PARCEL: 池锚定重采样与条件化弹性查询的高效视觉语言理解

摘要

大型视觉语言模型（LVLMs）将视觉输入映射为密集的令牌序列，给推理带来了二次方的计算瓶颈。弹性视觉令牌压缩通过训练单一模型使其能够在多种视觉令牌预算下运行来解决这一问题。然而，现有方法在激进压缩下表现不佳。仅基于空间的压缩（如嵌套池化）表现为不完美的低通滤波器，引发频谱混叠，从而模糊了细粒度细节。仅基于查询的压缩（如嵌套查询重采样）用非局部摘要替换了显式的网格对齐令牌，并大幅降低了空间定位能力。为了解决这一表征冲突，我们提出了PARCEL（基于池锚定的弹性查询条件重采样以实现高效视觉语言理解），这是一种动态划分特征提取任务的视觉令牌化架构。PARCEL将空间池化令牌建立为低频布局锚点，并通过池化条件查询重采样使弹性查询令牌依赖于这些锚点。这促使查询令牌专注于互补的视觉特征，而非冗余的空间映射。在27个基准上的广泛评估表明，PARCEL改善了性能-效率帕累托前沿，在多种视觉令牌预算下始终优于现有的嵌套式基线，同时保留了“一次训练，随处部署”的范式。

English

Large Vision-Language Models (LVLMs) map visual inputs into dense token sequences, imposing a quadratic computational bottleneck for inference. Elastic visual-token compression addresses this by training a single model that can run at multiple visual-token budgets. However, existing approaches struggle under aggressive compression.

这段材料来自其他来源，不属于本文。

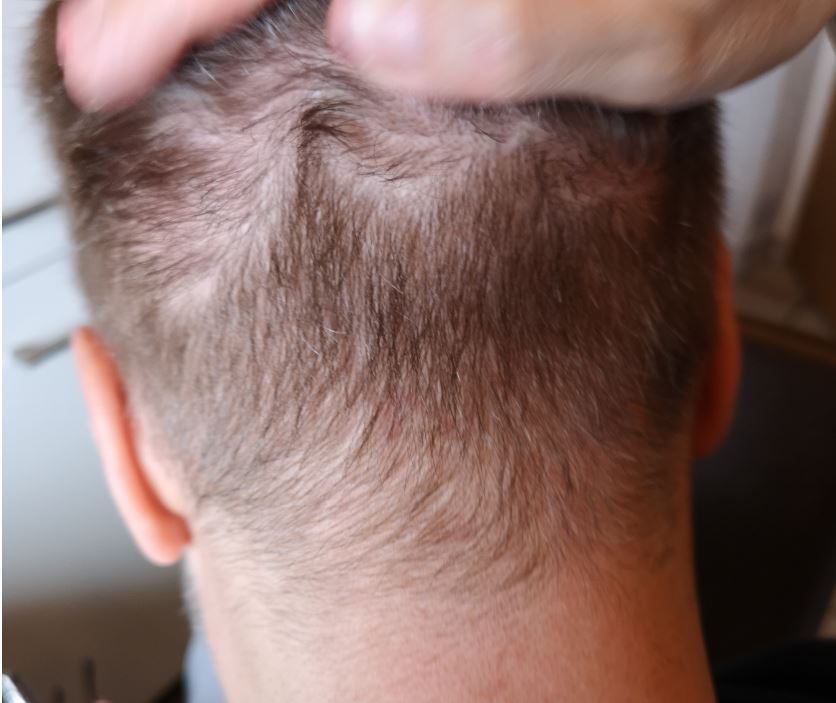 /foren/transplant/index.php/fa/53210/0/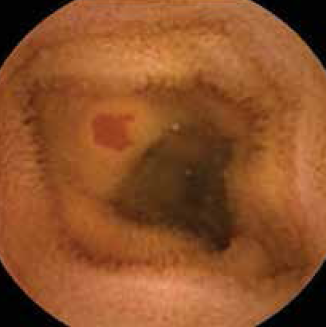 Angiectasia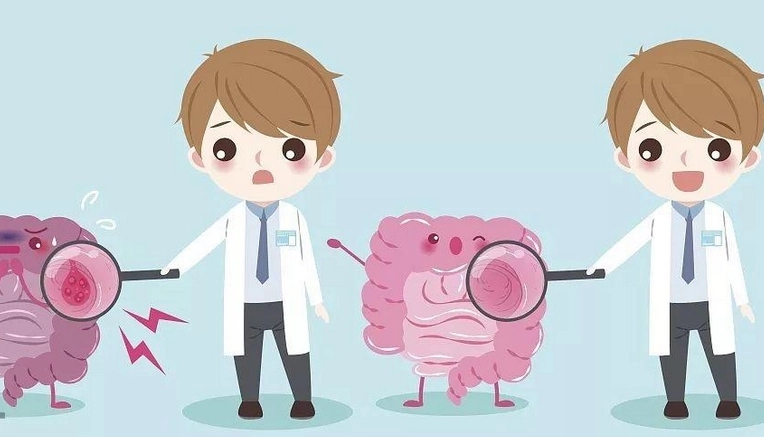 结肠癌怎样进行治疗?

Spatial-only compression, as in nested pooling, behaves as an imperfect low-pass filter and induces spectral aliasing that obscures fine-grained detail. Query-only compression, as in nested query resampling, replaces explicit grid-aligned tokens with non-local summaries and substantially degrades spatial grounding. To resolve this representational conflict, we introduce PARCEL (Pool-Anchored Resampling with Conditioned Elastic Queries for Efficient Vision-Language Understanding), a visual tokenization architecture that dynamically partitions the labor of feature extraction. PARCEL establishes spatial pool tokens as low-frequency layout anchors and conditions elastic query tokens on these anchors through Pool-Conditioned Query Resampling. This encourages query tokens to focus on complementary visual features rather than redundant spatial mapping. Extensive evaluations across 27 benchmarks show that PARCEL improves the performance-efficiency Pareto frontier, consistently outperforming existing matryoshka baselines across visual-token budgets while preserving the "train once, deploy anywhere" paradigm.